Dabei wäre es so schön gewesen. Finstere Rechtsradikale aus AfD und CDU treffen sich insgeheim in der Nähe von Potsdam, um ungeniert «Deportationspläne» von Migranten, sogar solchen mit deutschem Pass, zu besprechen und voranzutreiben. Knallharten Recherchierjournalisten sei es dabei gelungen, an diesem «Geheimtreffen» teilzunehmen, das gar nicht so geheim war.

Inzwischen musste «Correctiv» gezwungenermassen einige Behauptungen korrigieren und zurücknehmen.
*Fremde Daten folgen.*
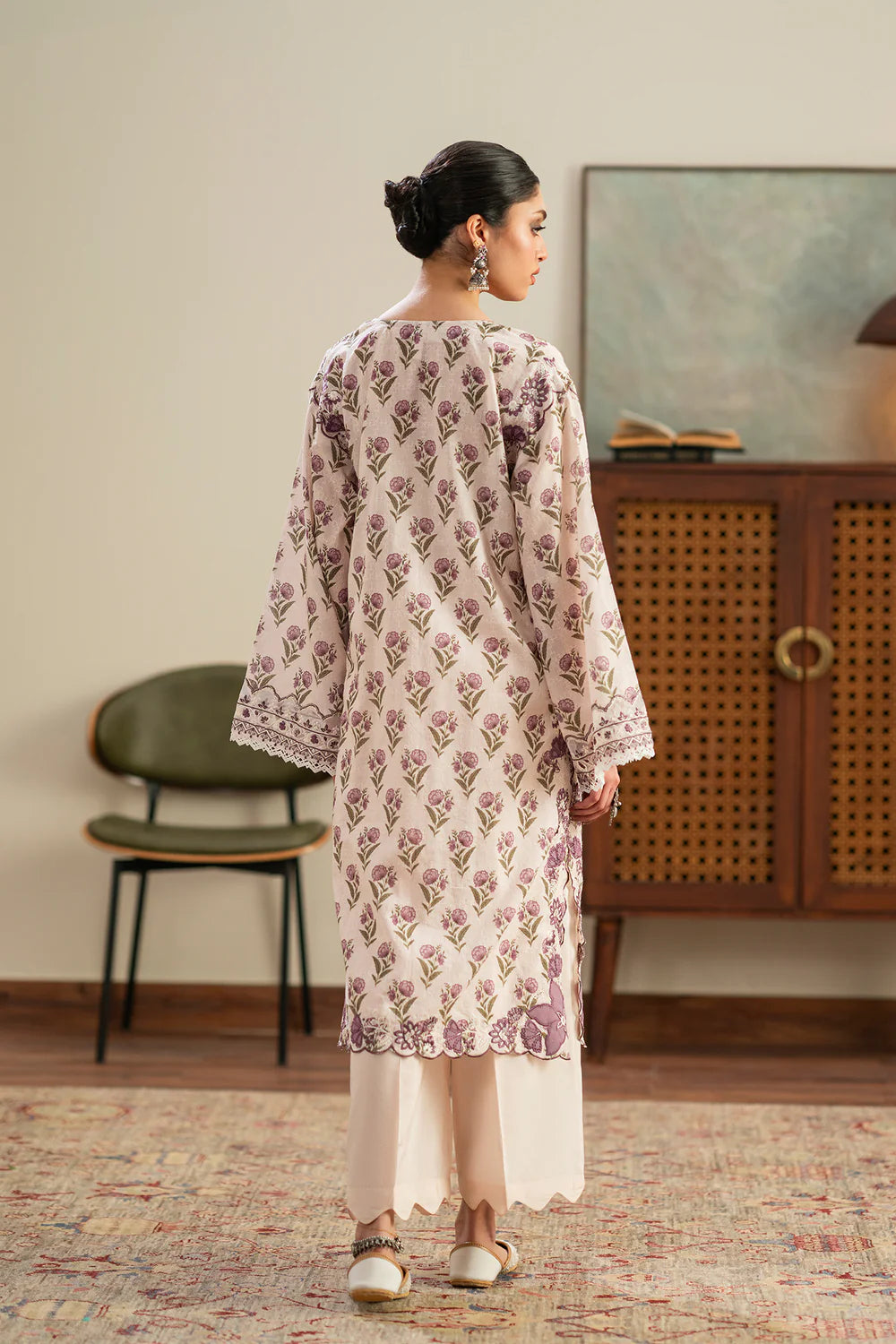 ETHNIC E4194-103-003 1PC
Sehr dünnhäutig werden sie, wenn ihnen in der medienkritischen Plattform «Übermedien» (sozusagen das deutsche ZACKBUM) vorgeworfen wird, sie hätten nach dem «Prinzip Nichtbeleg und Grossdeutung» angeschwärzt. Die seien «von Neid zerfressen», japste der Geschäftsführer von «Correctiv» zurück. Auch die «Tagesschau» musste in zweiter Instanz dazu gezwungen werden, eine haltlose Behauptung zu löschen. Das Gericht schrieb ihr (und  dem «Spiegel» und vielen anderen Medien) ins Stammbuch: «Prozessual ist von der Unwahrheit der Behauptung der Antragsgegnerin, es sei bei dem Treffen in Potsdam die Ausweisung deutscher Staatsangehöriger diskutiert worden, auszugehen.»
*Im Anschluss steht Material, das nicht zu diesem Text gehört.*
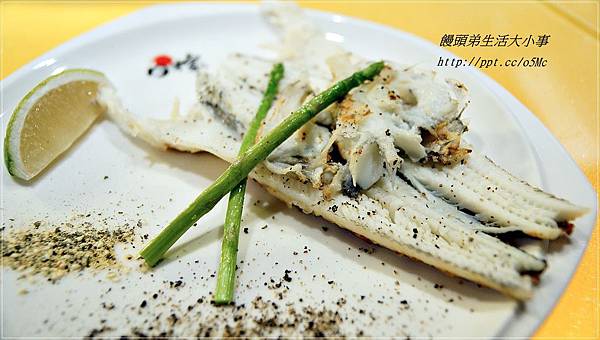 【食記/基隆】嚴選食材,料理出四季天然原始野性風味♪♪日橡日式鐵板料理♪♪ 【食記/基隆】嚴選食材,料理出四季天然原始野性風味♪♪日橡日式鐵板料理♪♪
Eine Riesenklatsche. Damit endet vorläufig eine «Enthüllung», die ungeheuerliche Wirkung hatte; Hunderttausende gingen auf die Strasse, um «gegen rechts» zu demonstrieren; Politiker überschlugen sich dabei, diese furchtbaren Pläne zu verurteilen.

Wie demagogisch abgefeimt, suggestiv und ungenau der Text von «Correctiv» ist, dafür nur ein Beispiel: «Knapp acht Kilometer entfernt von dem Hotel (wo das für alle per Anmeldung zugängliche Treffen stattfand, Red.) steht das Haus der Wannseekonferenz, auf der die Nazis die systematische Vernichtung der Juden koordinierten.» Diese üble Assoziation wurde im «Spiegel» nicht etwa kritisiert, sondern als «nicht nur legitim, sondern geboten» gelobt.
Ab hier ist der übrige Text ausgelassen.